Genome wide profiling identifies differences methylation status among breast cancer subtypes. a Average genome wide methylation plot of CpG islands and flanking regions, i.e., CpGI shores. -500, 500 in x-axis represents ±500bp from each end of CpGI, and 0, 50, 100% represents relative range within CpGI. b Heatmap demonstrates average methylation levels of each CpG island and CpGI shore within tumor subtypes. c Statistical significance of differential methylation at CpG islands and CpG island shore regions tested by ANOVA and adjusted by Bonferroni correction. Y-axis represents -log10 based adjust P-value. d Bar plot and line plot represent average methylation level of adjacent area between CpGI and CpGI shore region from a normal-like TCGA breast cancer sample, a invasive ductal carcinoma with negative margins for malignancy, measured by WGBS and from a normal sample obtained from [14] study measured by MBDcap sequencing respectively. Left and right side of y-axis shows methylation level measured by WGBS and MBDcap sequencing respectively

In order to further validate the observed methylation patterns, we utilized two normal data set; TCGA normal breast data measured by WGBS and normal data from genome wide methylome analysis study [14] measured by MBDcap sequencing. Genome wide methylation level were estimated through same analysis procedure (see “Methods”) and estimated average methylation in CpGI and CpGI shore regions. From methylation result based on both normal data, we observed same pattern and found steep peaks as well in adjacent region between CpGI and CpGI shore (Fig. 3 d).

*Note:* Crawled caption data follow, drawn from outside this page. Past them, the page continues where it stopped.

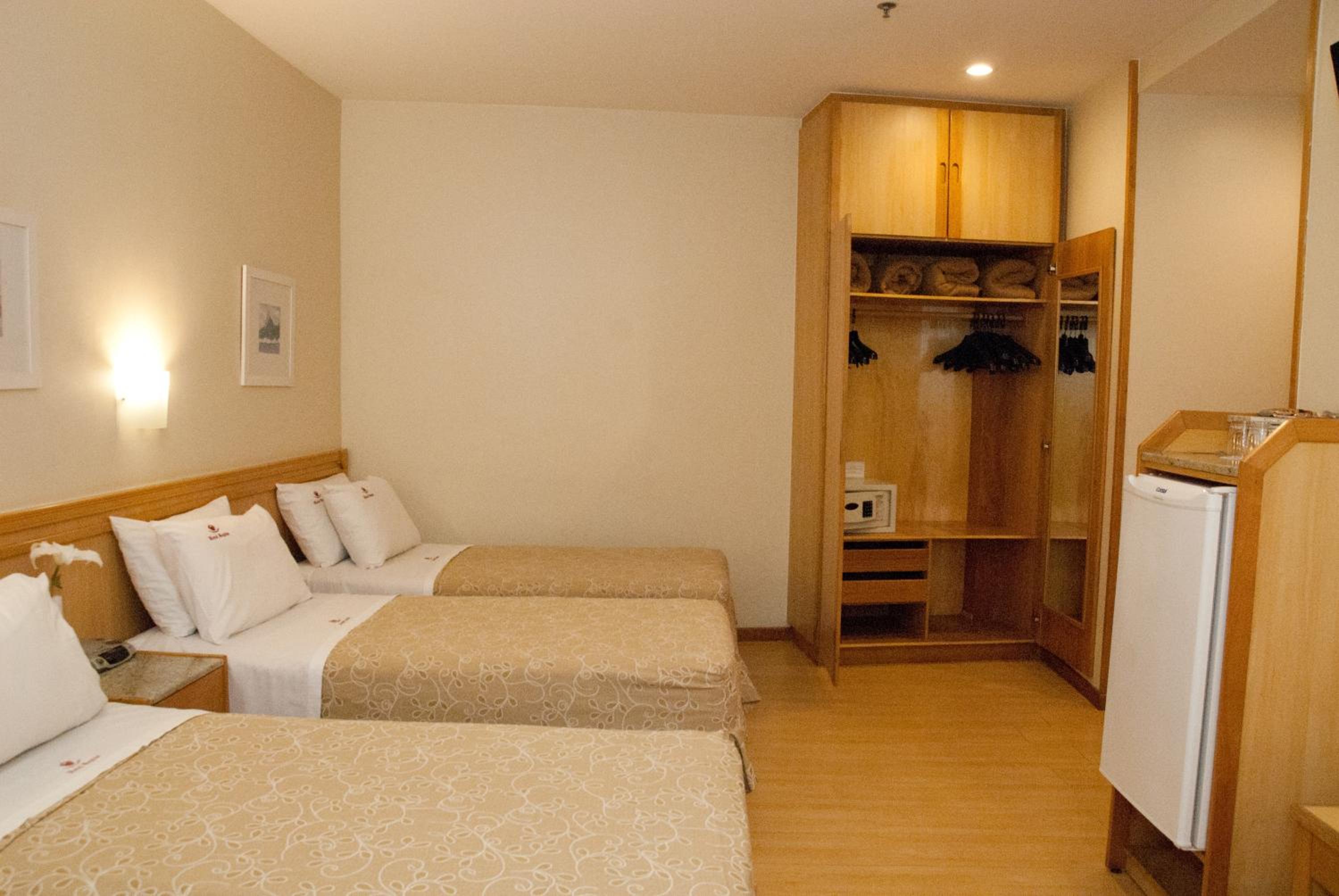 Standard Quadruple Room - Photo 2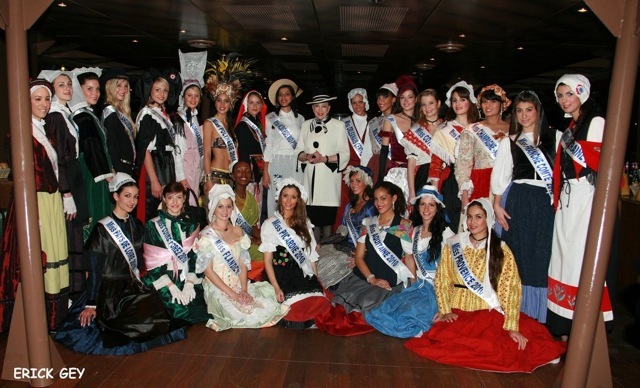 SOIREE SUR LE BATEAU MOUCHE PHOTO ERICK GEY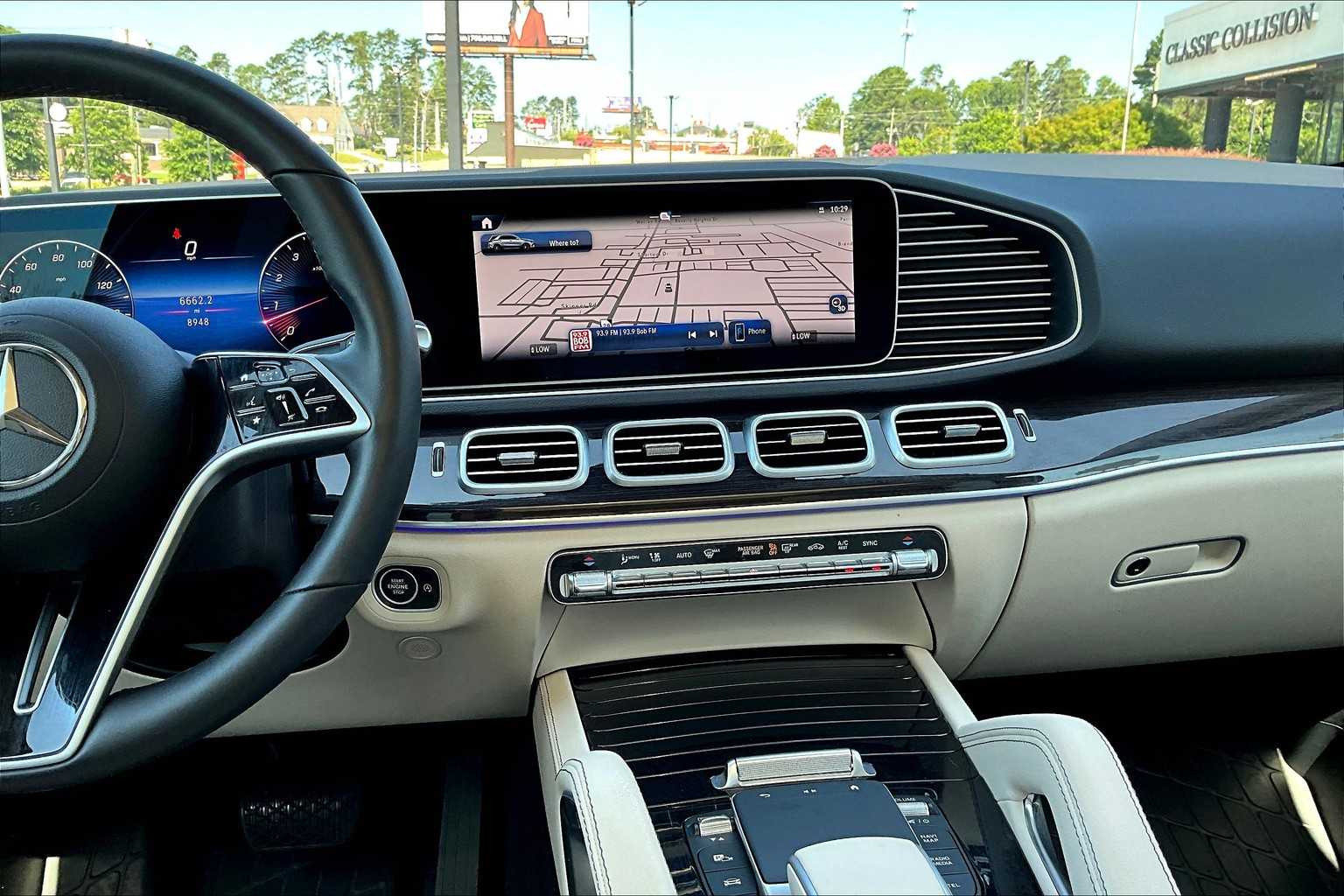 2025 Mercedes Benz GLE 350 photo 3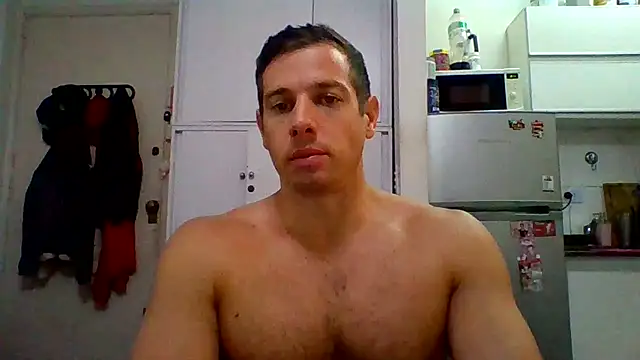 luca23millo90 online show from March 31, 4:03 am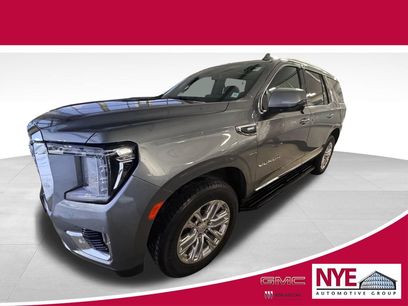 Used 2022 GMC Yukon SLT w/ SLT Premium Package
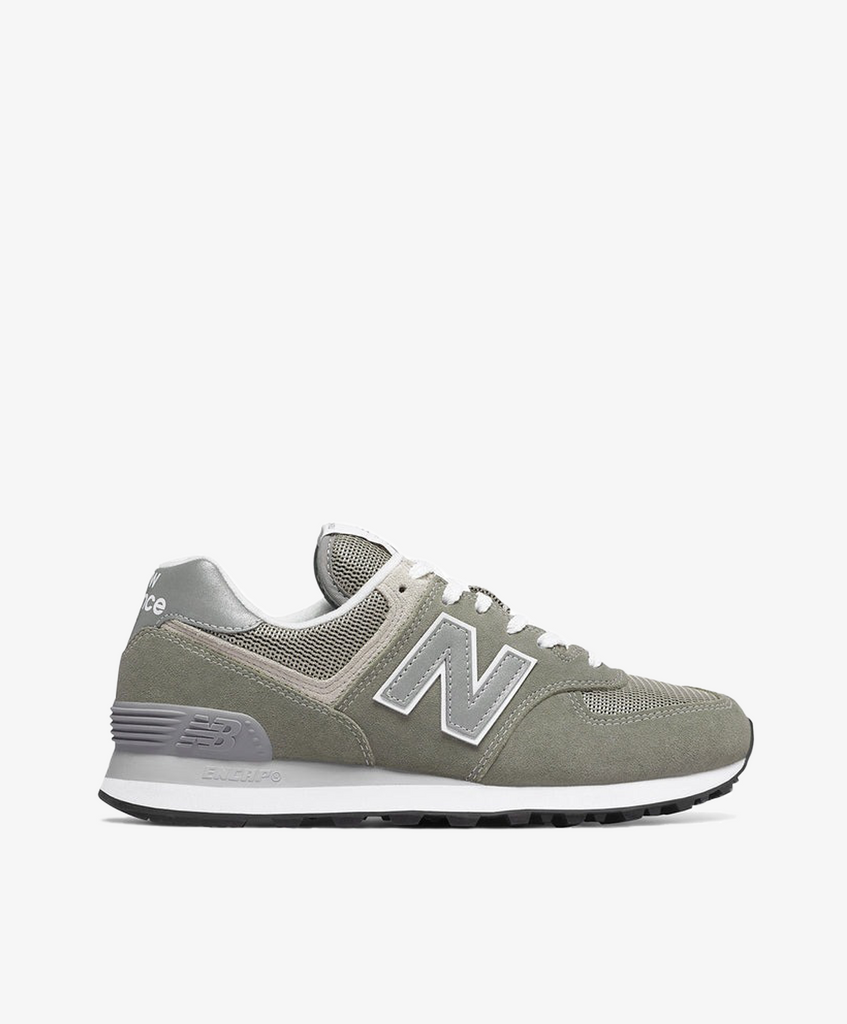 Lysegrå New Balance 574 sneakers med hvid bund og hvide snørebånd.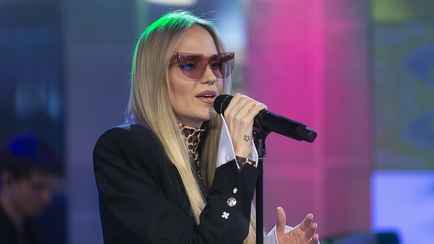 В Москве задержали певицу Глюкозу. За что выписали штраф 5 тыс. российских рублей?
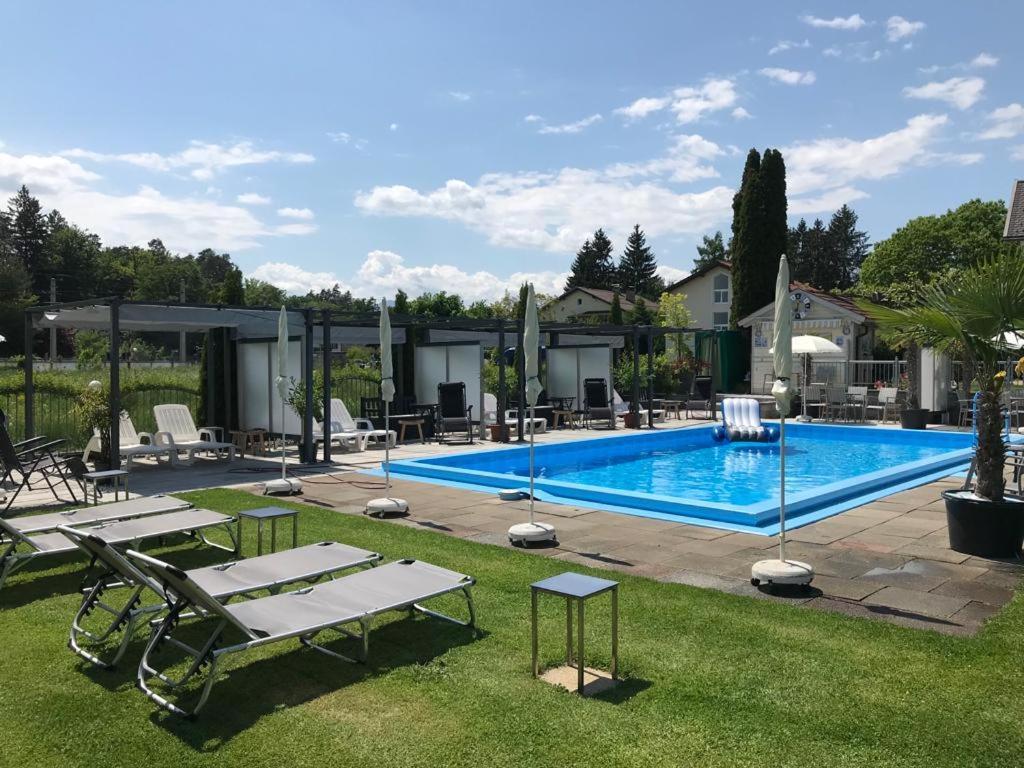 Ferienanlage Seehof Krumpendorf Extérieur photo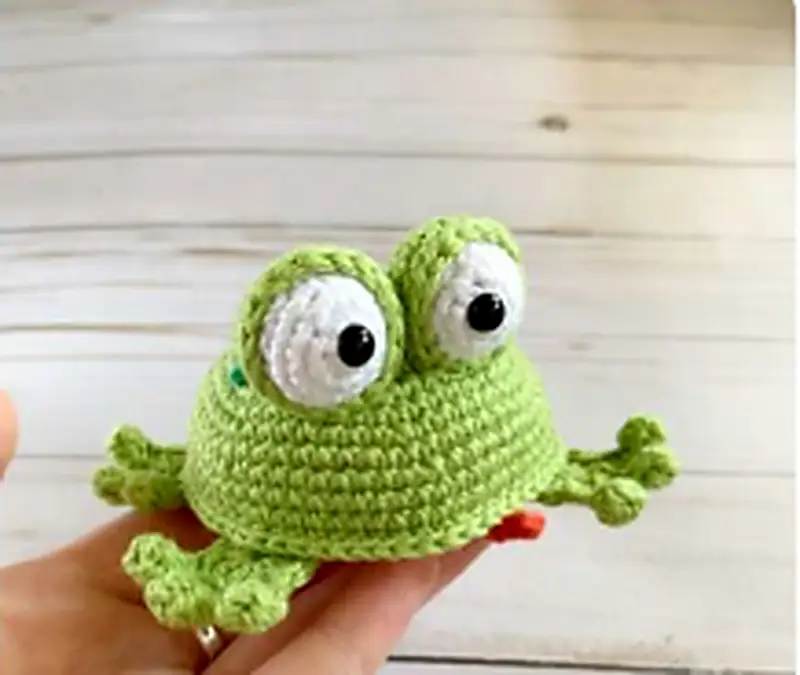 Free Beginner Friendly crochet pattern: Little Frog Amigurumi Pattern - Easy to follow tutorial
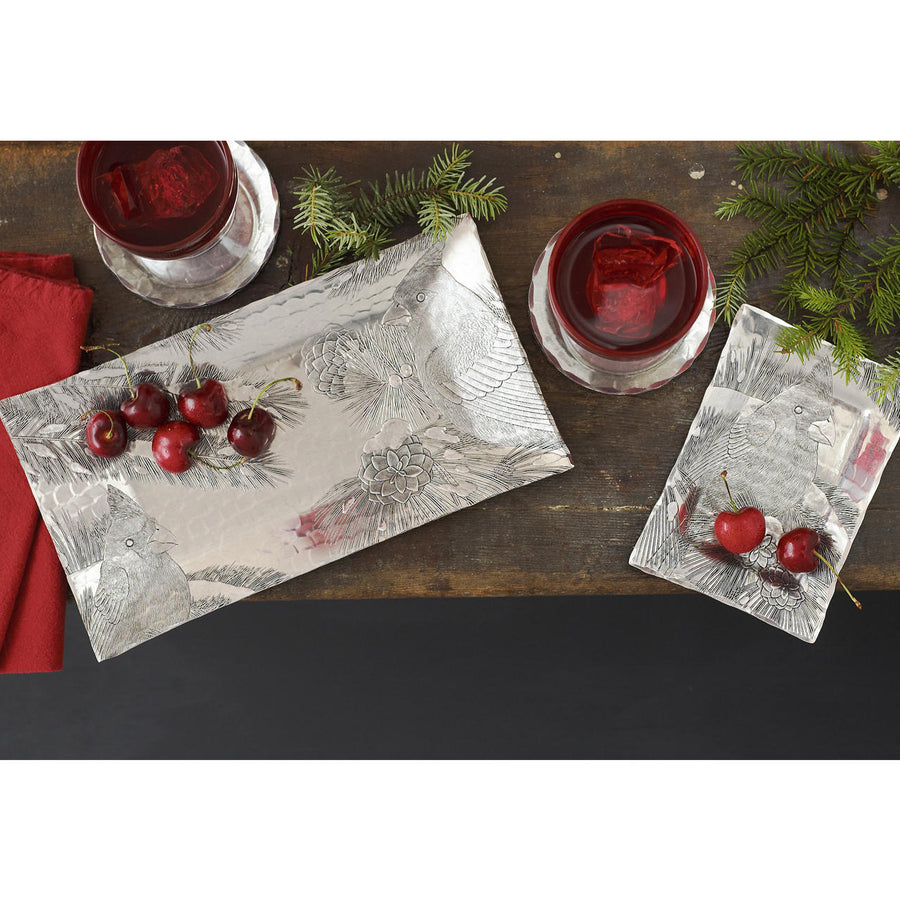 Styled display featuring Winter Cardinal Small Horizon Server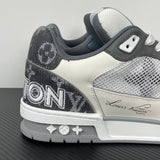 Trainer Grey
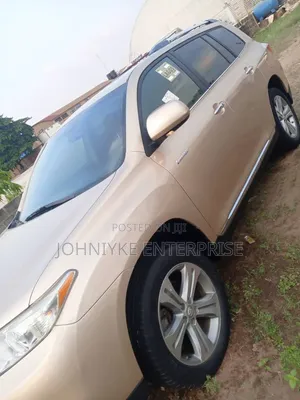 Toyota Highlander Limited 2011 Gold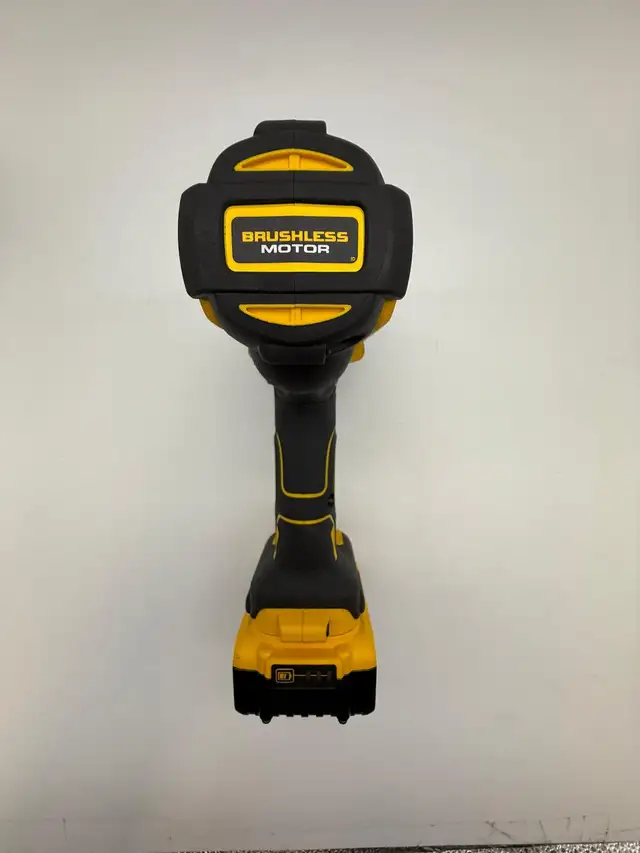 DEWALT DCF900P2-20V XR 1-2IN High Torque Impact Wrench Kit $499 - Photo 3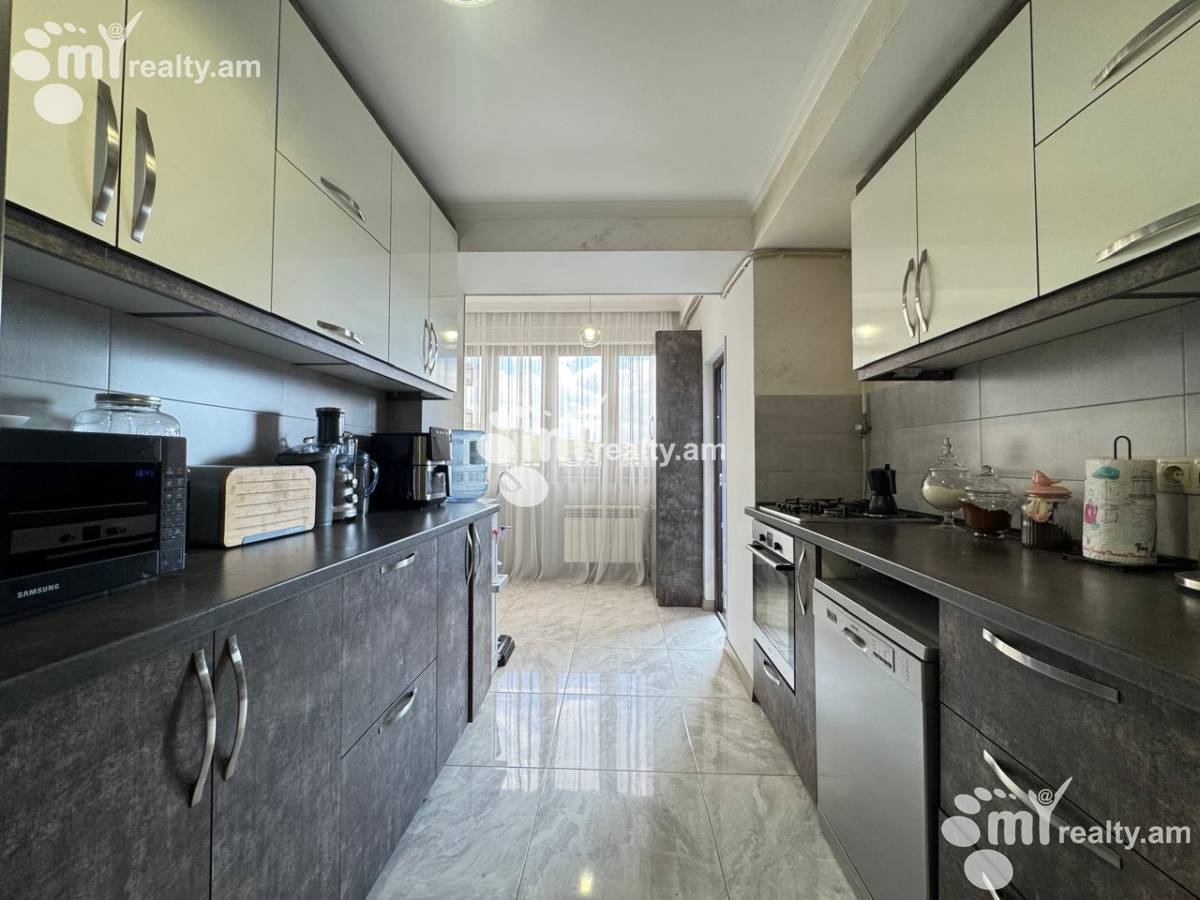 4 bedroom apartment for sale Charents St, Center Yerevan, 160427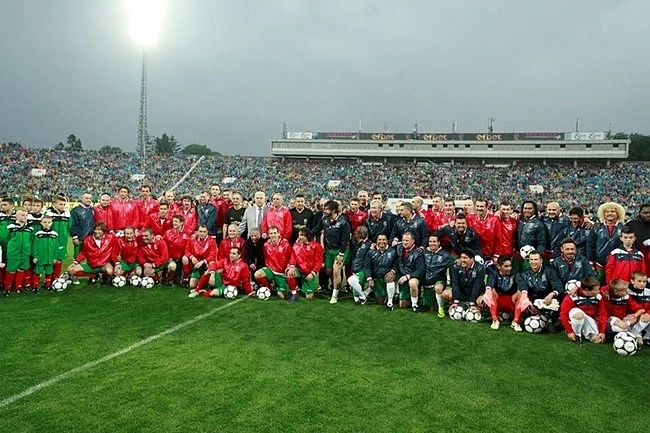 4:1 за отбора на Стоичков!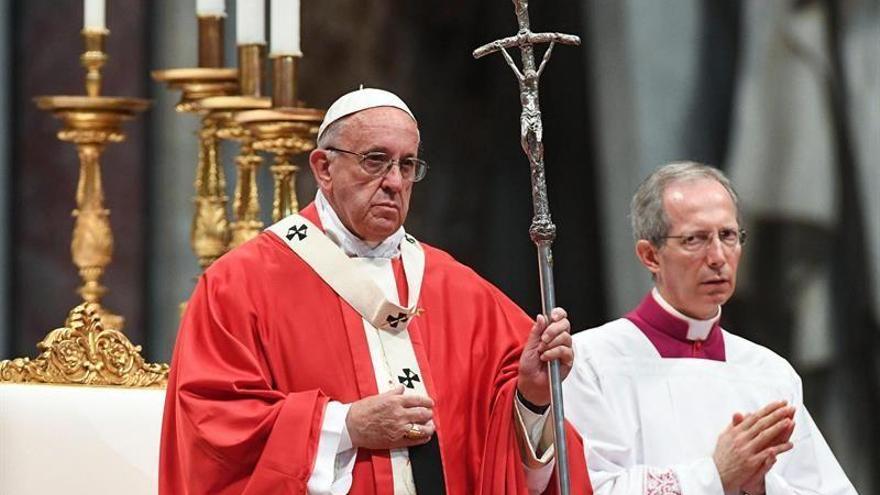 El papa advierte la tentación de la Iglesia de &quot;cerrarse en sí misma&quot; ante peligros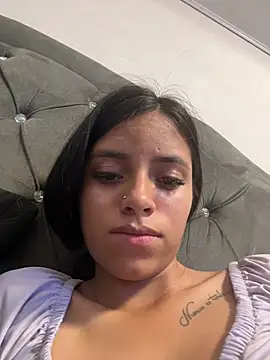Chat +18 de CELESTE_-EC ao vivo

To investigate whether the differences in methylation patterns in CpGI and adjacent region CpGI shore potentially involved in gene regulation, we focused on promoter CpGI shore with transcription factor binding site (TFBS). Estimated TFBS specific methylation status (see “Methods”) in the promoter CpGI shore was compared with downstream gene expression, and the TF binding to these TFBS regions was also measured to determine whether a TF influences gene regulation. That is, we investigated whether the differentially methylated TFBS in promoter CpGI shore regions among breast cancer subtypes potentially give influence to expression of downstream genes that TF regulate.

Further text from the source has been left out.